As payments and transaction-banking businesses evolve at a dizzying pace, banks can prevail over rivals by using their own vast infrastructure and customer knowledge, according to a new report by The Boston Consulting Group (BCG).
The report, Global Payments 2015: Listening to the Customer’s Voice, says that global transaction-banking revenues in 2014 were about $1.1 trillion, or nearly 27% of total global-banking revenues.
The figures are expected to reach about $2trn by 2024, owing to 40% growth in account revenues, 34% in transaction revenues, and 26% growth in non-transaction card revenues.
Also, retail payments, which generated 78% of total payments revenues, are expected to account for a 73% of total revenue growth through 2024, the report added.
North America is the largest payments and transaction-banking market across the globe, generating $238bn in total retail-payments revenues in 2014 with an anticipated CAGR of 4% through 2024.
The study pointed out that the main reasons for the slow uptake of digital payment methods include a lack of compelling value propositions that outperform traditional payment methods and reward structures, persistent security and privacy concerns, as well as inadequate merchant acceptance and consumer comfort.
The report suggested that banks should to form smart partnerships, improve consumer engagement linked to payments, optimise the overall consumer-banking experience, and experiment with next-generation technology in order to stand out.
Wholesale transaction banking generated about $330bn in revenues globally in 2014. Account and payment revenues stood at $243bn and are projected to reach around $480bn by 2024, a CAGR of 7%, the report revealed.
Trade finance added $45bn, while value-added services added another $40bn, with trade finance revenues projected to reach about $100bn by 2024, a CAGR of 8%.
Growth will be driven by increasing volumes and deposit balances, and improving spreads, authors of the report opined.
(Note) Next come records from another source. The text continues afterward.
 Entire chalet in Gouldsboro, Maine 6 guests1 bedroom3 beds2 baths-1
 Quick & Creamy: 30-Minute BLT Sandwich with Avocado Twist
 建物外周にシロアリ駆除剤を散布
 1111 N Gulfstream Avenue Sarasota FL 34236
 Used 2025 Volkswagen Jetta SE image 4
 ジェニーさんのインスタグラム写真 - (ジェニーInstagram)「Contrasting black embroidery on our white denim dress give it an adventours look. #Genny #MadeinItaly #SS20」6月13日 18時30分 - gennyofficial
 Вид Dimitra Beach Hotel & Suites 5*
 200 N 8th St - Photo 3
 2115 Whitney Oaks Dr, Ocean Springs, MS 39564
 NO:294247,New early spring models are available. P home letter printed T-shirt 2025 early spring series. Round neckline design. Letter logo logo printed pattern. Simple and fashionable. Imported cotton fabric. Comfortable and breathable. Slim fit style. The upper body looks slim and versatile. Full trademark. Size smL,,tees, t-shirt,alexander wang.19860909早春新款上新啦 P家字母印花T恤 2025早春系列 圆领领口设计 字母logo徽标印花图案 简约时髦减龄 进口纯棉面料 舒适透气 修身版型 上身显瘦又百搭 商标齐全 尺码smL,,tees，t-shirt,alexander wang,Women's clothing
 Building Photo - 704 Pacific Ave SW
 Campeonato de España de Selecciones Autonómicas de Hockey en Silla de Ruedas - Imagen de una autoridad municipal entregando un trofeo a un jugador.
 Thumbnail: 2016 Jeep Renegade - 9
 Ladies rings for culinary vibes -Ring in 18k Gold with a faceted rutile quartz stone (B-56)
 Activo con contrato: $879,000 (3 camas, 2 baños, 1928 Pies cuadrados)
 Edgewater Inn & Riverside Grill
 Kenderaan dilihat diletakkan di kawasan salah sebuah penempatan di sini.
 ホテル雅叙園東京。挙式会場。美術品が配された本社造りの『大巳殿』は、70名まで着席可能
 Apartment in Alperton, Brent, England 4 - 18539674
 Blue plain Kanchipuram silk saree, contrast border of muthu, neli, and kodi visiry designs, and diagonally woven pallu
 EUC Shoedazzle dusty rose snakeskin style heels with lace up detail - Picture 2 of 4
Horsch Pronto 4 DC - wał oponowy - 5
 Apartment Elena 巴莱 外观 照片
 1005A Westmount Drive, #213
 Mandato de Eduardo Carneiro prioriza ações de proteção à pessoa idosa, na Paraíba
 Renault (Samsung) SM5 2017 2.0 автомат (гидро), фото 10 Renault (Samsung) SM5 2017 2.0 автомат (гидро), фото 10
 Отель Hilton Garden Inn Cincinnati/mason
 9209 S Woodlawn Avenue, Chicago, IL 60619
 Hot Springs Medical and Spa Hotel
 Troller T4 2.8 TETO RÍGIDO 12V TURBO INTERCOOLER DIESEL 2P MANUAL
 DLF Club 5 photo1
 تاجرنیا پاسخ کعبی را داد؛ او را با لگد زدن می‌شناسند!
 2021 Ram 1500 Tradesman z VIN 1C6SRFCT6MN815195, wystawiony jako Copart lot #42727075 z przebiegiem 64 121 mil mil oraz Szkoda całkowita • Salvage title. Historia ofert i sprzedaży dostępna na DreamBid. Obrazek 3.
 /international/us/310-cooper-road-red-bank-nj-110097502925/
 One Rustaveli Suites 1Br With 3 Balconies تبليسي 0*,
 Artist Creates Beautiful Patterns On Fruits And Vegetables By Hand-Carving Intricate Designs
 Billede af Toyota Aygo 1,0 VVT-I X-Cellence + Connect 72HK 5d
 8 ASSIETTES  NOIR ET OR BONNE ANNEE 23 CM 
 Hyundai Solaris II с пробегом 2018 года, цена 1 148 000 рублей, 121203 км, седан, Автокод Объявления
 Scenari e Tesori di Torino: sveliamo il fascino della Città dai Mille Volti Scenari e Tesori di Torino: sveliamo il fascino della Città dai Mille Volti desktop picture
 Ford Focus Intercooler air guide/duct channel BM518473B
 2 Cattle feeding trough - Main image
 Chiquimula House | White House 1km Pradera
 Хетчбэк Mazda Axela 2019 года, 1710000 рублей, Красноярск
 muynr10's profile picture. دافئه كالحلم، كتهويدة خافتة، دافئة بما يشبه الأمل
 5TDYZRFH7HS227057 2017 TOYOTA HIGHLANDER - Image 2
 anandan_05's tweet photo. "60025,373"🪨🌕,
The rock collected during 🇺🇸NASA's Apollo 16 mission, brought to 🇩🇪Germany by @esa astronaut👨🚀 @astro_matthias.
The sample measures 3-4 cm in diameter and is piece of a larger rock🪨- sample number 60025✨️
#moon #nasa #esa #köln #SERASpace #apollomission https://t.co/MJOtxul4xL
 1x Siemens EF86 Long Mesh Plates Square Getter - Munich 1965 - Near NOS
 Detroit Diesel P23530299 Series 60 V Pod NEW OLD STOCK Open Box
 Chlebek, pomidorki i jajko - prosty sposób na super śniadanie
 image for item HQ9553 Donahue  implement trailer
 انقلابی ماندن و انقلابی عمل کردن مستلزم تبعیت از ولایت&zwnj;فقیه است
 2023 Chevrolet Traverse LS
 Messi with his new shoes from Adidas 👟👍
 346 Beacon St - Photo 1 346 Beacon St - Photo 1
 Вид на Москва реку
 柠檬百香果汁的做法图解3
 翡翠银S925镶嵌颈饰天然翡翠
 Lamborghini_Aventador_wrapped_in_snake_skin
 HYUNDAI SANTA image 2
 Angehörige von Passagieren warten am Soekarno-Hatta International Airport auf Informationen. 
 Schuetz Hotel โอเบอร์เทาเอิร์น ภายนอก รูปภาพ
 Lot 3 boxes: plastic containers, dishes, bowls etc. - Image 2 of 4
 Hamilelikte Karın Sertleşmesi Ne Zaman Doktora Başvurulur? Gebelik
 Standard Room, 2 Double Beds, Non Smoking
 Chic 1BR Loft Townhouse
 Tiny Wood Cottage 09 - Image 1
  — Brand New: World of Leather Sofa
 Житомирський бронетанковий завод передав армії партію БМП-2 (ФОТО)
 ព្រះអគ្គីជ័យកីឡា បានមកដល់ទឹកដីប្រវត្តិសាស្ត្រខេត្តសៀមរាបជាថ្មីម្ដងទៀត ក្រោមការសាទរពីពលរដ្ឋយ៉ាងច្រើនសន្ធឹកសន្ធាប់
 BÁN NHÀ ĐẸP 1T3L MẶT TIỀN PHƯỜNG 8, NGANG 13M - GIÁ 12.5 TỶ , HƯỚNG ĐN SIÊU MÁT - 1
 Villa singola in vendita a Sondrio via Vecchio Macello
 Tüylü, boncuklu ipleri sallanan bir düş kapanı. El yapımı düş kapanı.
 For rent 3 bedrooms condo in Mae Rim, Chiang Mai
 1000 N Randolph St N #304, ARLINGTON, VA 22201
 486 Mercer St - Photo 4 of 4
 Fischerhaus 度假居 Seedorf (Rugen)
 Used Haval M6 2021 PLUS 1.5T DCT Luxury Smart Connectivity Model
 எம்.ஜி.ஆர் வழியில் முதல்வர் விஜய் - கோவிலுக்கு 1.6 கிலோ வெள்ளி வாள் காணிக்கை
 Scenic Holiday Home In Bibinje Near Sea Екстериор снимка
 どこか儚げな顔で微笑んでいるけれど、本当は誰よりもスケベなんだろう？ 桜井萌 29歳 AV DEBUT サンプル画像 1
The report also says that deficiencies in bank services and the rise of multibank platforms have facilitated nonbank competitors, while rise in regulatory constraints has adversely affected client relationships, bank operations, product development, and international expansion.
Challenges of transaction banking can be overcome by focusing on the true needs of treasurers and CFOs, excelling in the basics, differentiating along key dimensions, and outperforming in go-to-market strategies, adds the report.
Coauthor of the report and the global leader of BCG transaction-banking segment Stefan Dab said: "There will be both significant disruption and immense opportunity over the next decade in payments. While banks face intensifying competition, they actually have the assets to play a critical role in how markets evolve.
"To continue to extract value from their payments businesses, they must take decisive action along multiple dimensions: improving the richness of their digital interfaces, broadening their range of services, raising the effectiveness of their operations, and forming partnerships in the larger payments ecosystem. Banks also need to recognize that the value of payments will increasingly be realized by deepening customer relationships, not just by direct revenue generation."